2

We use cookies. Read the Privacy and Cookie Policy

До сих пор речь шла о регулярном стихе и употреблялся термин “метрическая монотония”. Можно было подумать, что перечислительная монотония со значением неадресованности обязана своим появлением исключительно метру.

Если бы это было так, специфически стиховая интонация, которую мы хотим расслышать, была бы связана не столько с явлением стиха, сколько с понятием размера.

Чтобы найти причину, по которой она возникает, рассмотрим любопытный пример Л.И.Тимофеева, приведенный им в книге “Основы теории литературы” (Тимофеев, 1976, 265—266).

I. “Лаборант Петровский, до обеда вышедший из университета, встретил свою дочку по дороге в магазин аптекарских товаров. День был неприветливый. Навстречу било мокрым снегом. Лаборанту явно нездоровилось, к тому же он с утра, как назло, не поладил с ректором и был обеспокоен. Девочка была не в духе: руку ей оттягивал тяжелый ранец с дневником, в котором, как пиявка, нежилась изогнутая двойка”.

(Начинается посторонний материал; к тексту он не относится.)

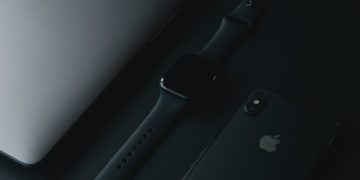 iPhone products laid across a table
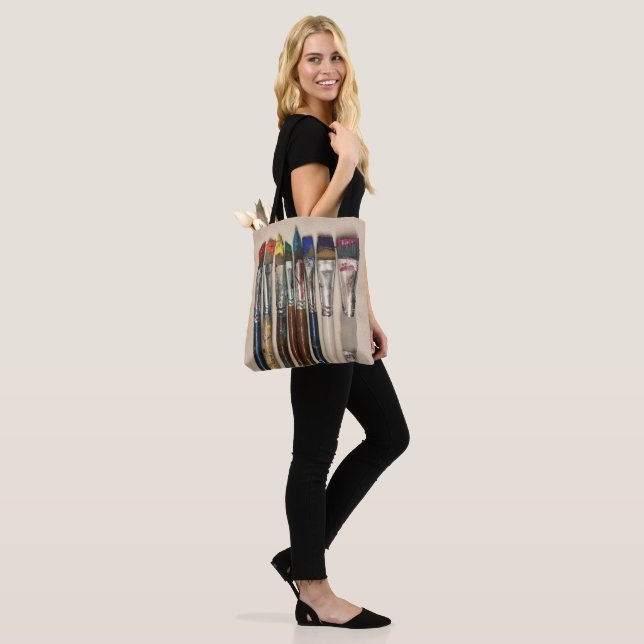 Artist Paint Brush Tote Bag (On Model)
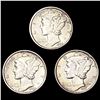 Image 1 : 1929-1931 Mercury Dime Collection [3 Coins] HIGH GRADE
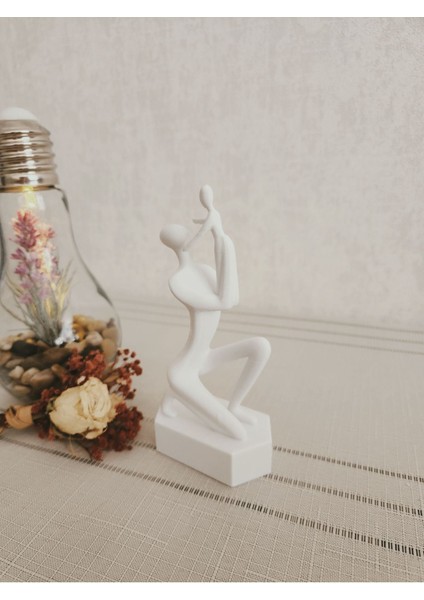 Anne ve Bebek Modeli Iskandinav Tarzı Biblo Heykel Figür Dekor Dekorasyon 3D 3 Boyutlu Altındal Hom fırsatları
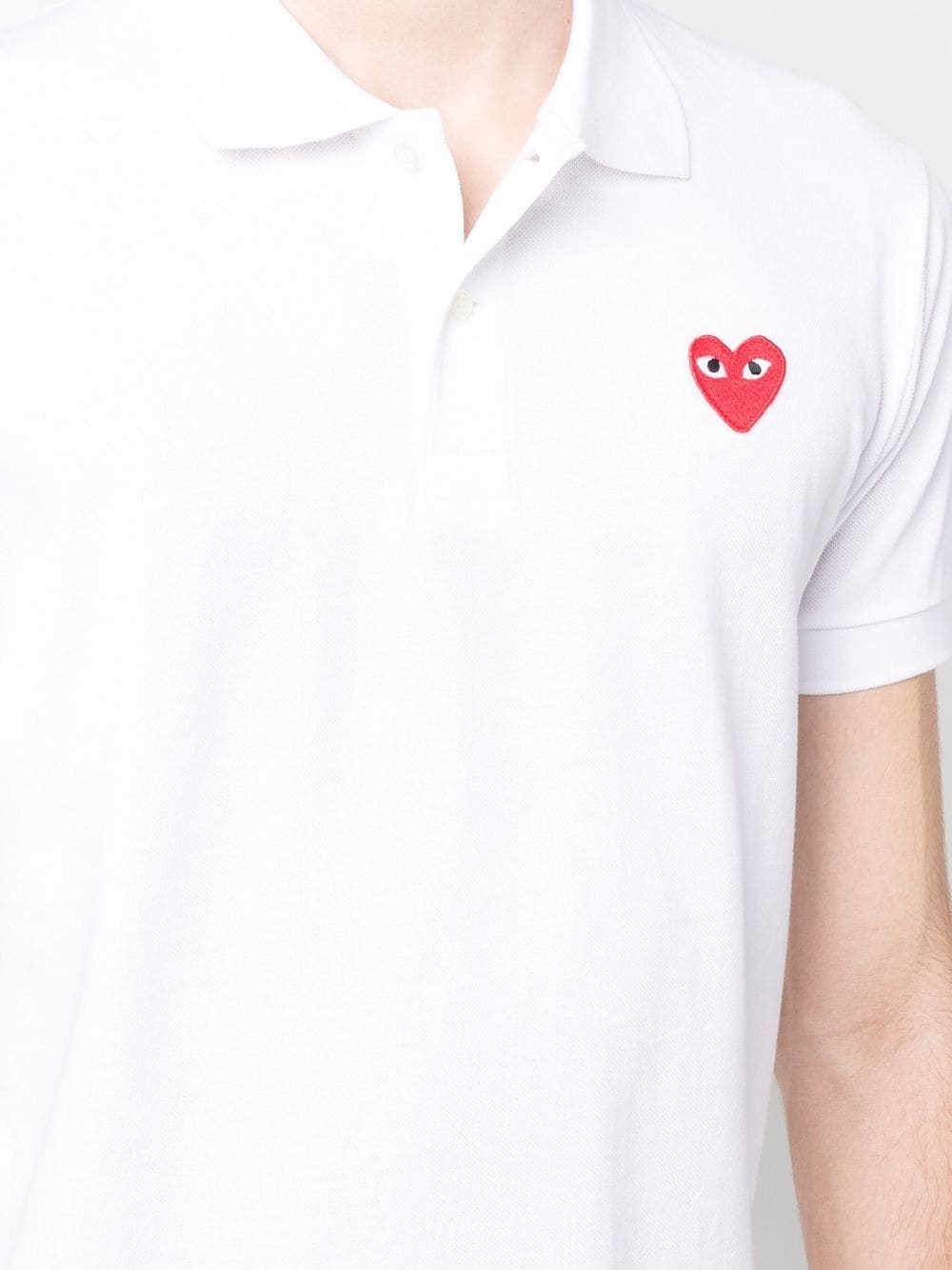 heart-logo cotton polo shirt - 5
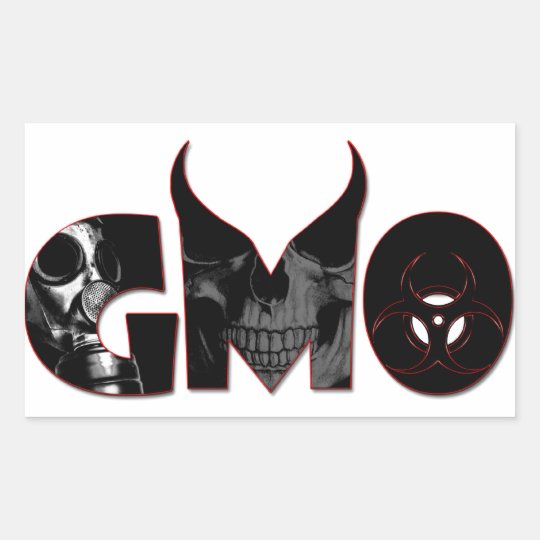 GMO REKTANGULÄRT KLISTERMÄRKE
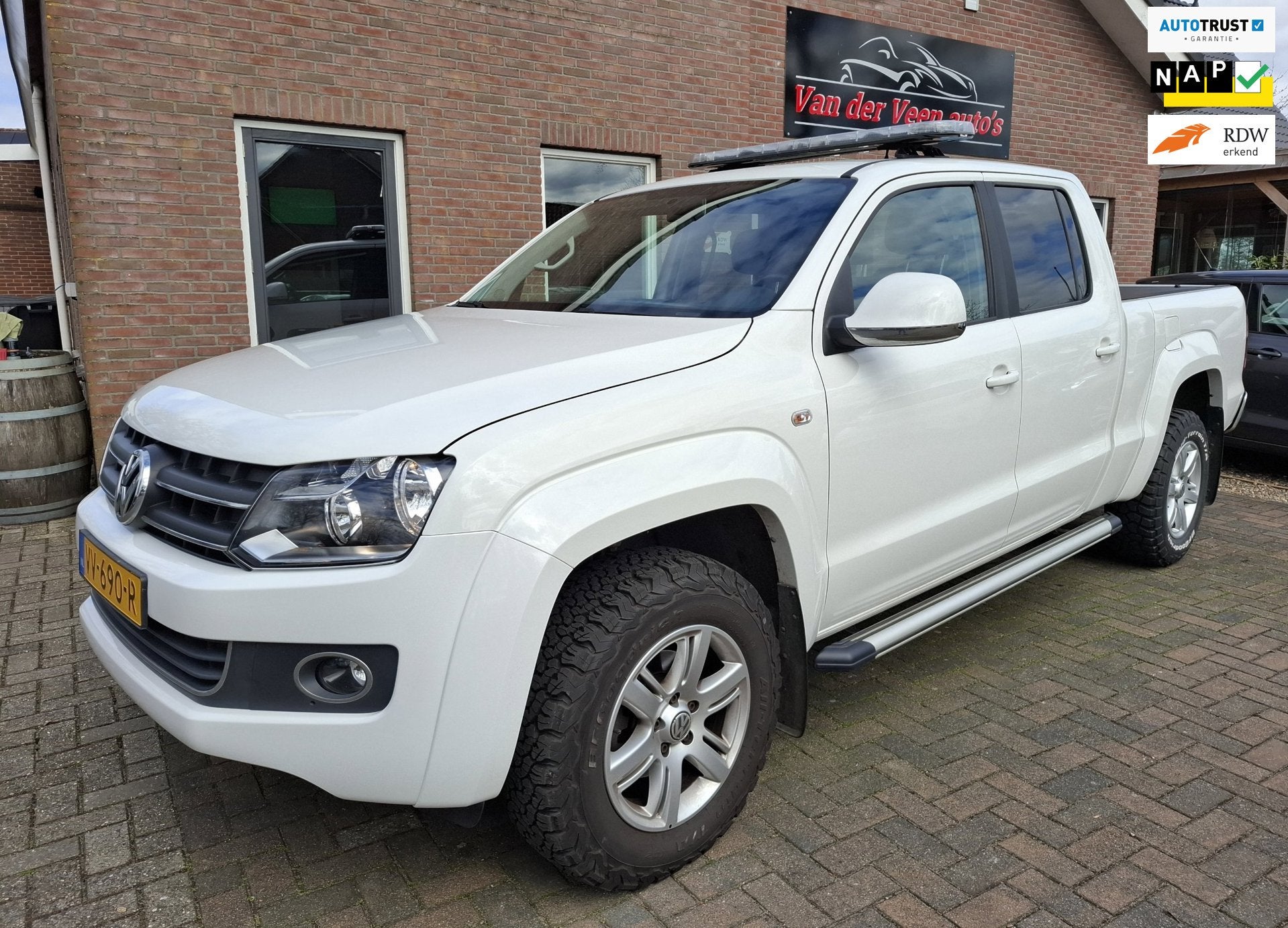 Volkswagen Amarok 2.0 TDI 4Motion Dubbel Cabine 5 pers Highl, Auto's, Volkswagen, Automaat, Euro 5, Stof, Gebruikt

Оказывается, перед нами пятистопный хорей. Но это обнаруживается только при стихотворной записи текста:

II.

Лаборант Петровский, до обеда

Вышедший из университета,

Встретил свою дочку по дороге

В магазин аптекарских товаров.

День был неприветливый. Навстречу

Било мокрым снегом. Лаборанту

Явно не здоровилось. К тому же

Он с утра, как н?зло, неполадил

С ректором и был обеспокоен.

Девочка была не в духе: руку

Ей оттягивал тяжелый ранец

С дневником, в котором, как пиявка,

Нежилась изогнутая двойка.

В прозаическом тексте смысл оформляется повествовательной интонацией. В стихотворном — помимо нее и вопреки ей появляется перечислительная монотония. Зададимся вопросом: откуда она взялась, если текст I состоит из тех же фраз, так же написанных хореем, как и текст II?

Предложение, с которого начинается текст, — “Лаборант Петровский, до обеда вышедший из университета...” — в тексте II оказывается трижды прерванным после слов: обеда, университета, дороге. Согласно стиховому членению это предложение трижды обрывается паузой, которую стиховеды называют иррациональной, а лингвисты — асемантической (конститутивной) (см.: Цеплитис, 1977, 73).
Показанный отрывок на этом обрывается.